::: Information shown :::

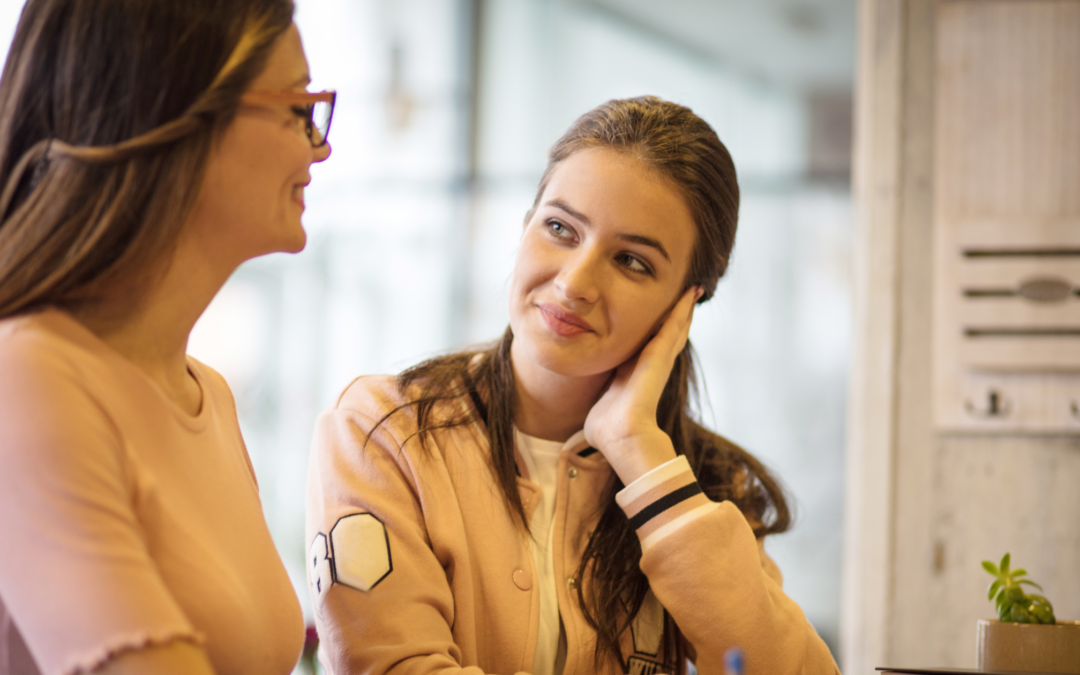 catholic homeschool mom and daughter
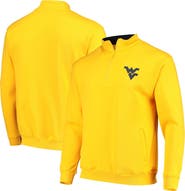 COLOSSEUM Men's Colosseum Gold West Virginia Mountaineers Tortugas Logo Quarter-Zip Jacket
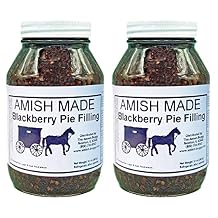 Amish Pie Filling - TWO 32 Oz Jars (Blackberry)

:::
::: Information shown :::

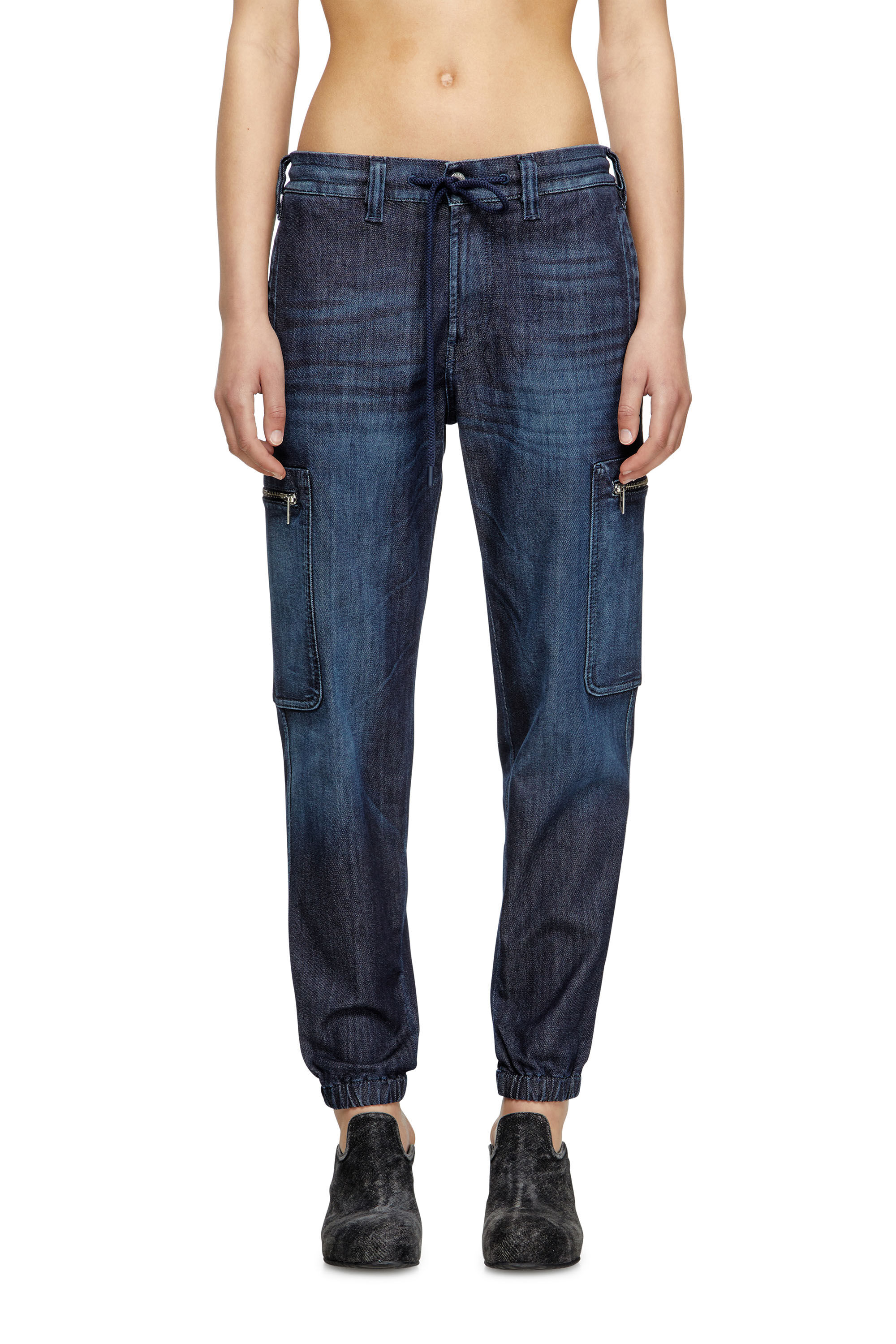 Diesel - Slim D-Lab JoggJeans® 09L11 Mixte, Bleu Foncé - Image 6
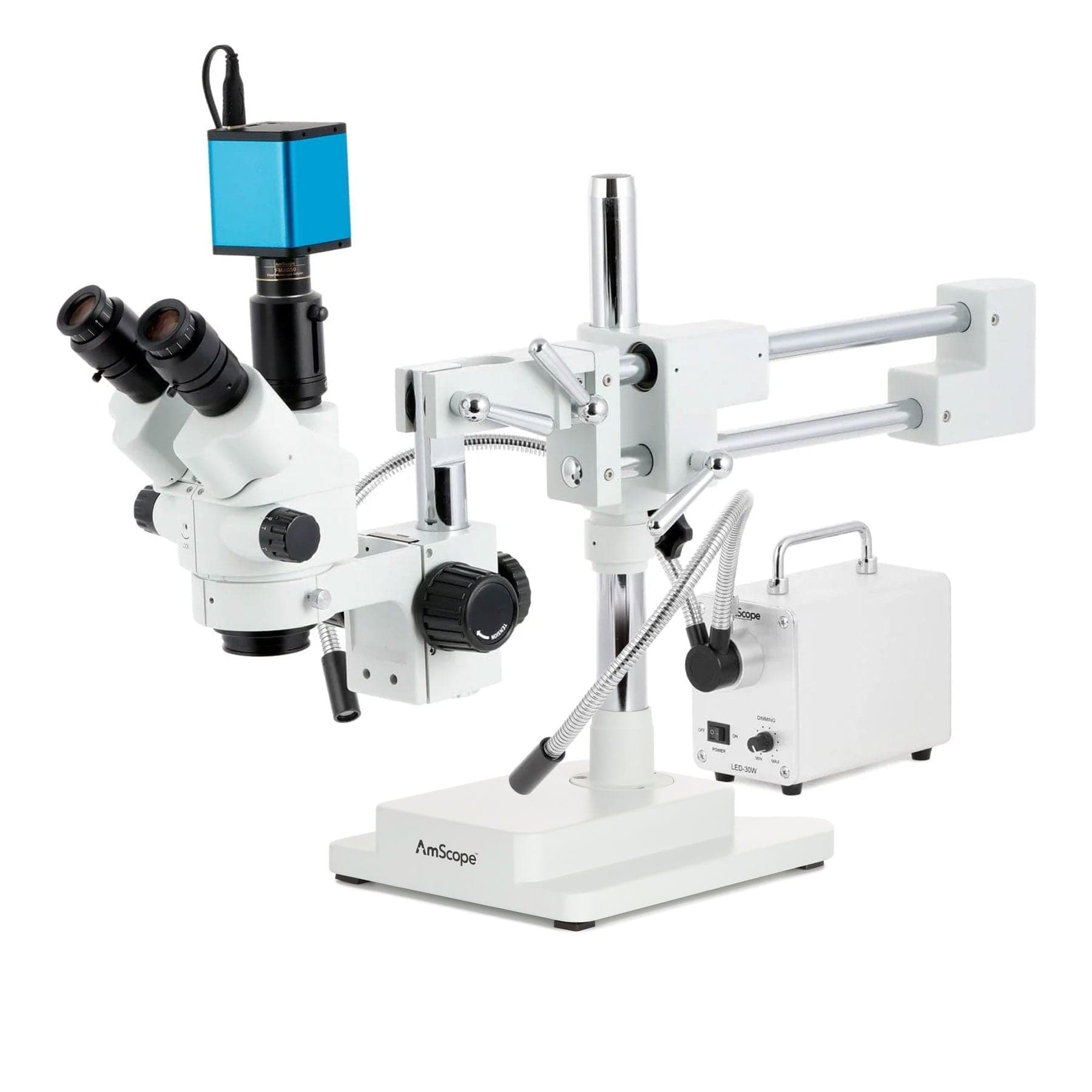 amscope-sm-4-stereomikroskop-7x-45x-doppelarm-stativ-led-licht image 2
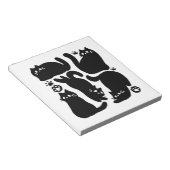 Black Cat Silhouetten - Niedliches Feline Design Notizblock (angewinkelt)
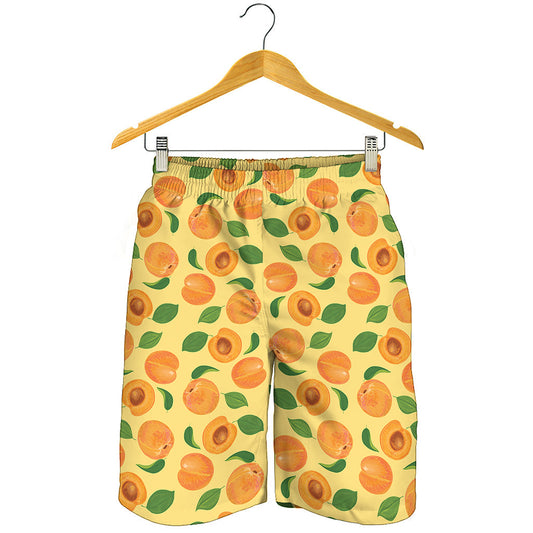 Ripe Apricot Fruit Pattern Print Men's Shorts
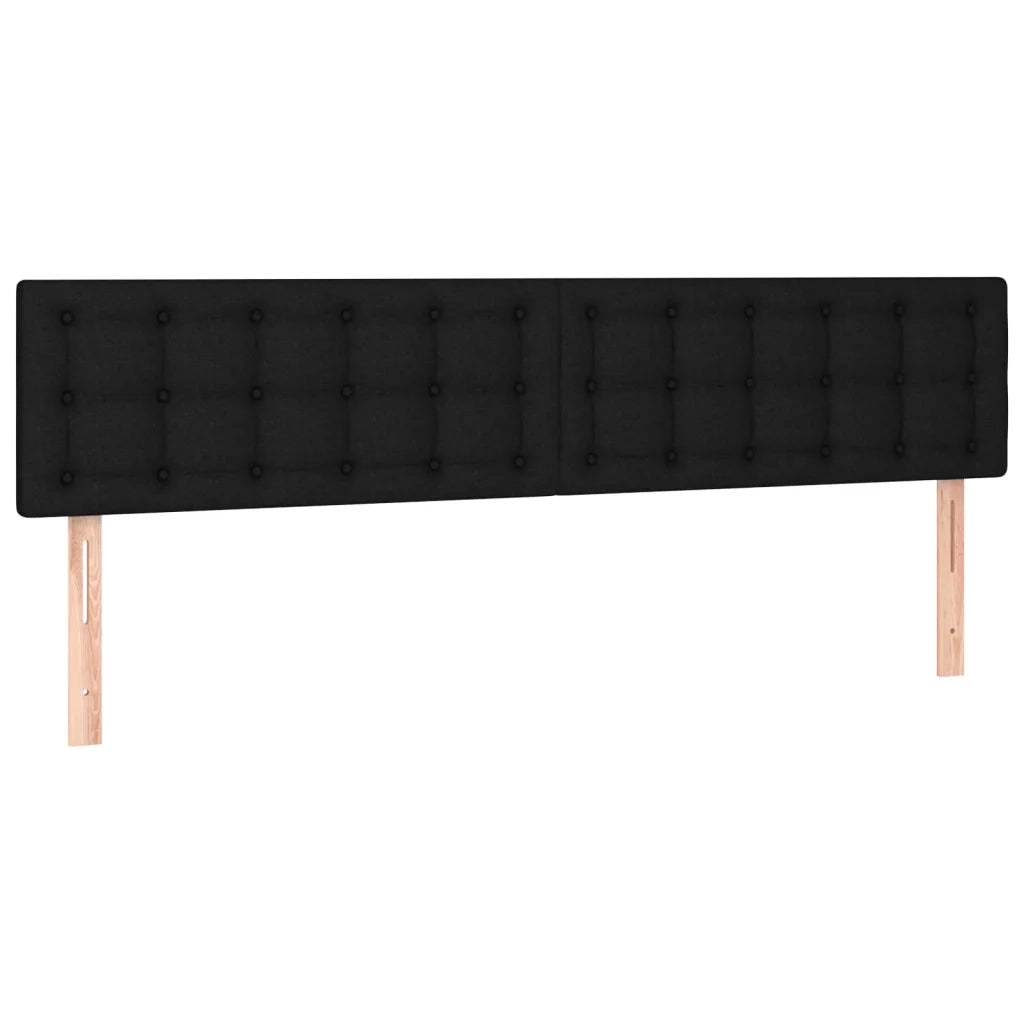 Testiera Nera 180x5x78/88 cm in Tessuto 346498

:::

Using the data above, transcribe exactly the lines between those containing "catholic homeschool mom and daughter" and "Amish Pie Filling", inclusive, and leave every picture behind.

 catholic homeschool mom and daughter
 COLOSSEUM Men's Colosseum Gold West Virginia Mountaineers Tortugas Logo Quarter-Zip Jacket
 Amish Pie Filling - TWO 32 Oz Jars (Blackberry)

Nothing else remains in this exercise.